• Exercise directions:
Every entry below should appear in the answer exactly as written, apart from the pictures.

START Exercise data

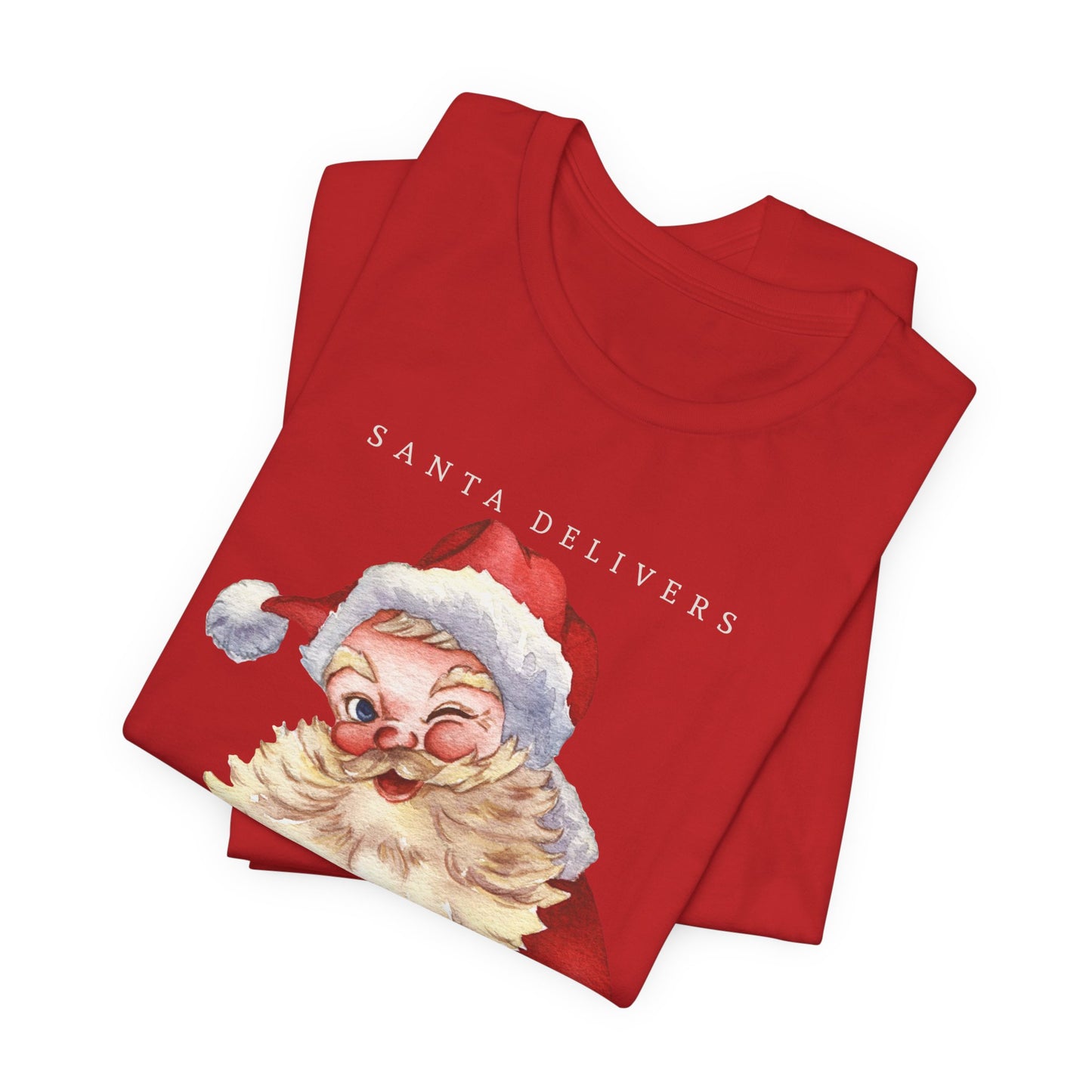 Santa Delivers, Jesus Saves (Unisex Tee)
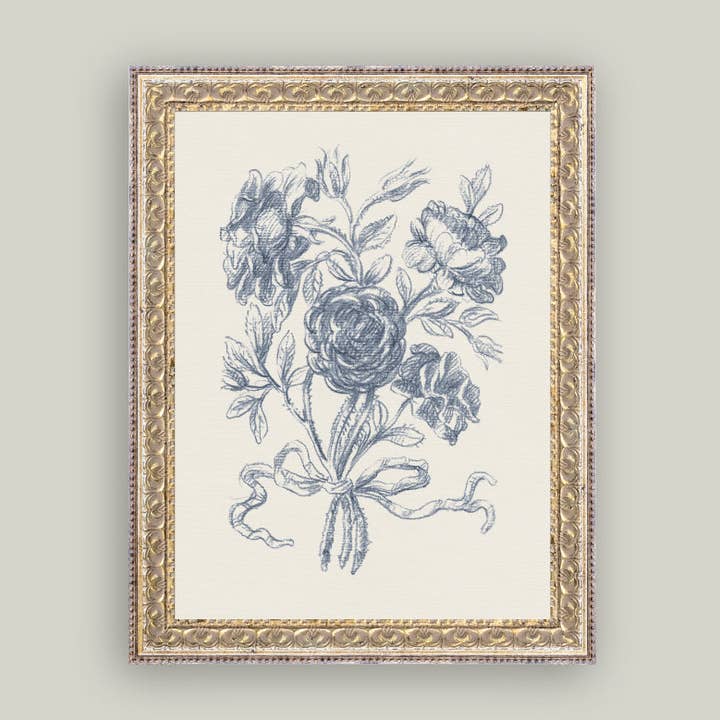 Petal Lane Home – Großhandel Kunstdruck – Blaue Blumenskizze 21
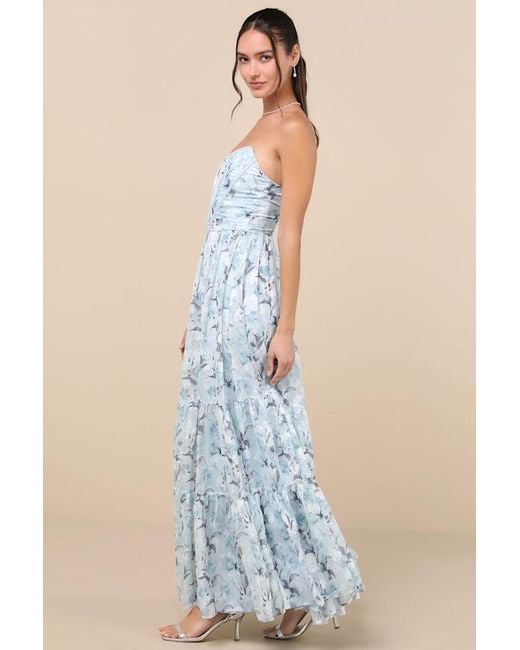 Lulus Blue Special Moment Floral Strapless Bustier Maxi Dress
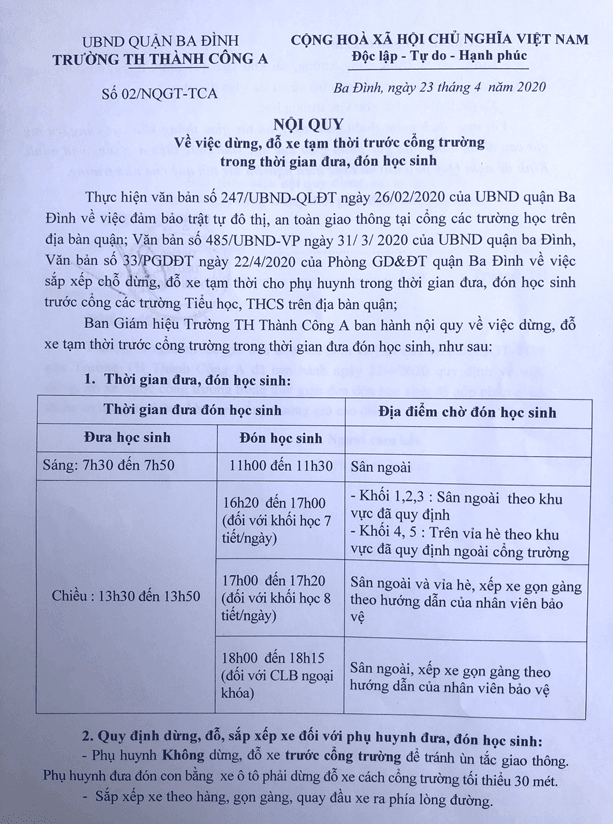 Nội quy số 02/NQGT-TCA và Bản cam kết về việc dừng, đỗ xe tạm thời trước cổng trường trong thời gian đưa, đón học sinh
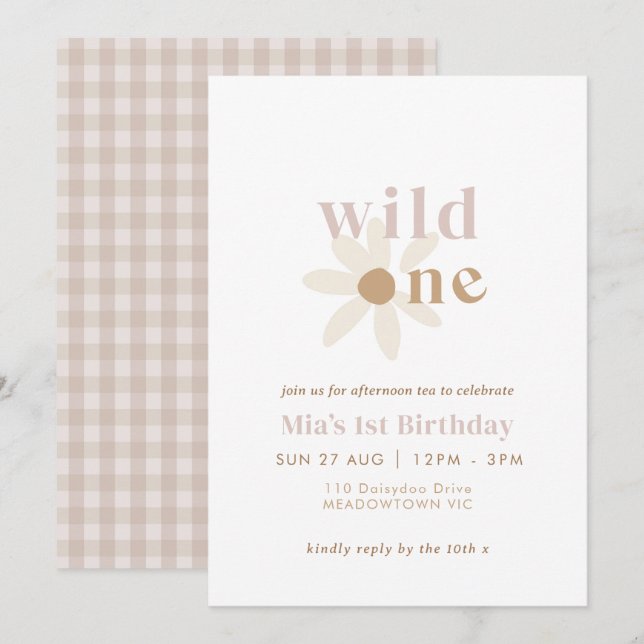  Boho Daisy Retro första födelsedagsinbjudan Inbjudningar (Fram/baksida)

END Exercise data

• Task solution:
 Santa Delivers, Jesus Saves (Unisex Tee)
 Petal Lane Home – Großhandel Kunstdruck – Blaue Blumenskizze 21
 Lulus Blue Special Moment Floral Strapless Bustier Maxi Dress
 Nội quy số 02/NQGT-TCA và Bản cam kết về việc dừng, đỗ xe tạm thời trước cổng trường trong thời gian đưa, đón học sinh
  Boho Daisy Retro första födelsedagsinbjudan Inbjudningar (Fram/baksida)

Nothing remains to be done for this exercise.